We defined panther hunting habitat as the habitat used by panthers between 1900–0700 (nocturnal habitat use) because this is when panthers are the most active and the primary time when they hunt [12,22]. To identify panther hunting habitat we used location data recorded from 10 GPS-collared panthers (7 males, 3 females) during 2005–2009 [12]. These data were collected by the FWC using four different types of collars (Tellus, Telonics, Lotek, Tellus-GSM) with fix schedules ranging from 1 hr to 7 hrs. We selected a random subset of 100 nocturnal location records per individual panther to eliminate bias from panthers that had greater numbers of location records (S1 Fig, S1 Dataset). We excluded all points that occurred within the Okaloacoochee Slough State Forest and Corkscrew Regional Ecosystem Watershed (S1 Fig) because these conservation areas are dominated by wetlands and land cover differs substantially from cattle ranches and other privately-owned lands, most of which have greater amounts of upland environments and engage in some form of agricultural production. We selected the 10,000 random points from the same region as the sample data by constructing minimum convex polygons around nighttime GPS locations for each individual panther [23,24]. Finally, we projected the panther hunting habitat model onto our area of interest, i.e., private lands within the primary, secondary, and dispersal panther habitat zones in southwest Florida.

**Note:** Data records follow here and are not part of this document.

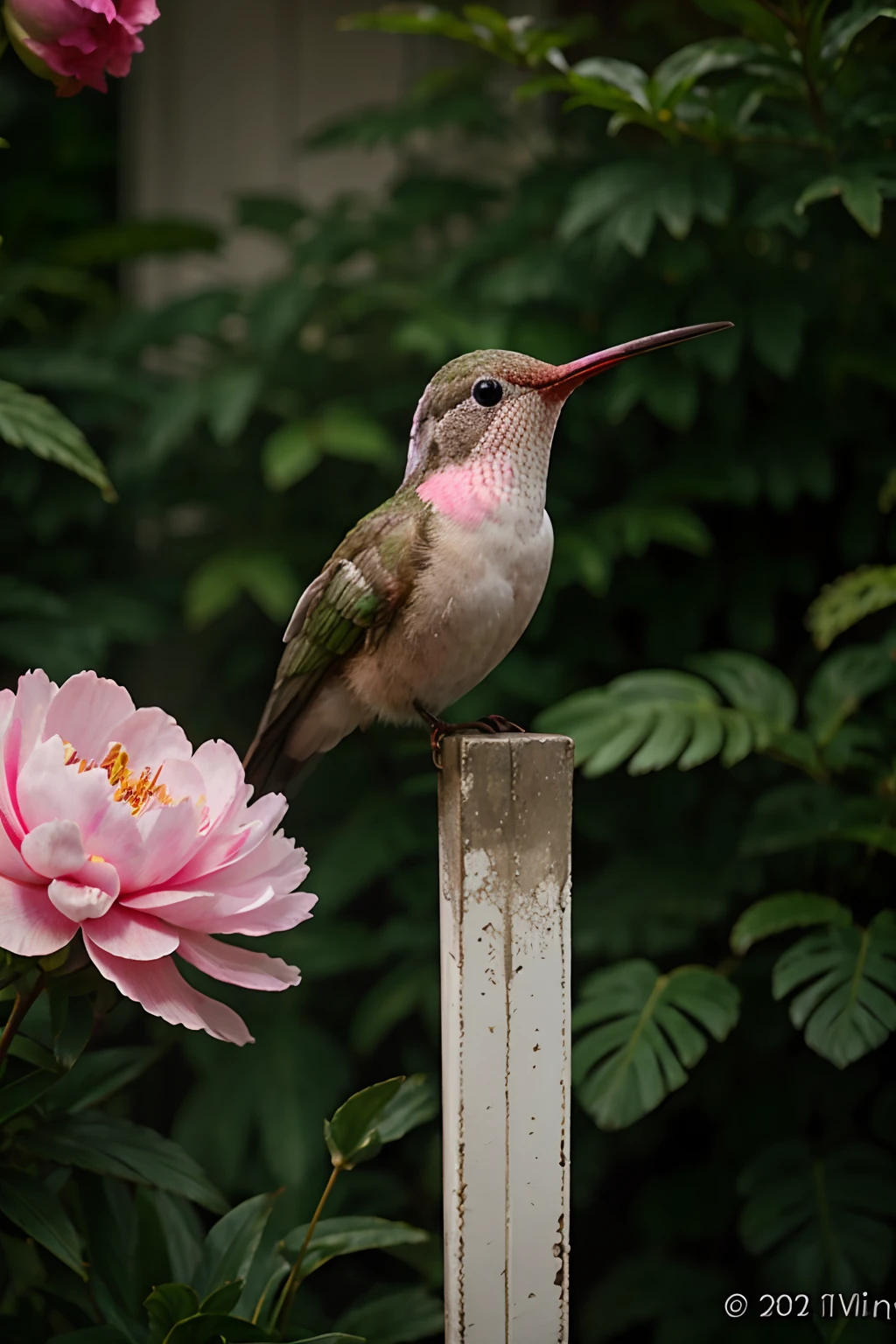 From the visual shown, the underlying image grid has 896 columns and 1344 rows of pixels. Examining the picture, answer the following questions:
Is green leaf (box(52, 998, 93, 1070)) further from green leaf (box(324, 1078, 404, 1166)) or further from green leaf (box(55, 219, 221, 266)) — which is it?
green leaf (box(55, 219, 221, 266))

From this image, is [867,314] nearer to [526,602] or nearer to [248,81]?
[526,602]

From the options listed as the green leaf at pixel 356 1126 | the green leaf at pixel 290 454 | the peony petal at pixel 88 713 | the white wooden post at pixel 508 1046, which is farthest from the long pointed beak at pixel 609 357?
the green leaf at pixel 290 454

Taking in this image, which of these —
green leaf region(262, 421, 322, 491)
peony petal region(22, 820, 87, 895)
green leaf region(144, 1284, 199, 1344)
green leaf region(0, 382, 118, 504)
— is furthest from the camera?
green leaf region(262, 421, 322, 491)

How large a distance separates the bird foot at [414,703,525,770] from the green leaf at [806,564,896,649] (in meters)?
0.59

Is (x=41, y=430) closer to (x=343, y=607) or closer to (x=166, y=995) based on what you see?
(x=343, y=607)

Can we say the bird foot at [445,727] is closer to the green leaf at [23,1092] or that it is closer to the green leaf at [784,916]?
the green leaf at [23,1092]

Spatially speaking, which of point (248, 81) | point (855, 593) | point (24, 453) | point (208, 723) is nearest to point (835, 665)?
point (855, 593)

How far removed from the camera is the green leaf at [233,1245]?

We used eight landscape variables in our hunting habitat model, two of which (distance from edge and land cover) had multiple subcategories (Table 1). All variables except cattle density were generated from the Cooperative Land Cover (CLC) v.2.3 FNAI database and were prepared as raster layers in ArcGIS using a cell size of 10 m. We reclassified the CLC land cover categories into similar land cover classes, designated each as either cover or open environments and forested or non-forested, and excluded all land cover classes that represented <1% of the study area (e.g., water bodies; S1 Table). The final land cover layer included eight classes (Table 1). We used a scale of 4.5 km2 (circular with d = 2.38 km) to calculate edge density, percent forest cover, and dominant land cover, because 4.5 km2 represents the average area used by an individual panther over a 24-hour period based on location data collected every hour from 13 GPS-collared Florida panthers (3 females, 10 males) during February 2005-December 2011 [25]. Cattle density data was generated by Robinson et al. [26] who used a combination of subnational and national cattle estimates as well as predictor variables (vegetation, climate, topography, and demography) to create regional cattle density estimates in a GIS format. All variables were assessed for correlation using principal components analysis and variables were retained in the model if correlations were <0.55 [27,28]. All variables were treated as continuous except for landcover and dominant landcover.

Table 1. Description of variables included in the panther hunting habitat model for private lands in the primary, secondary, and dispersal zones of panther habitat in southwest Florida.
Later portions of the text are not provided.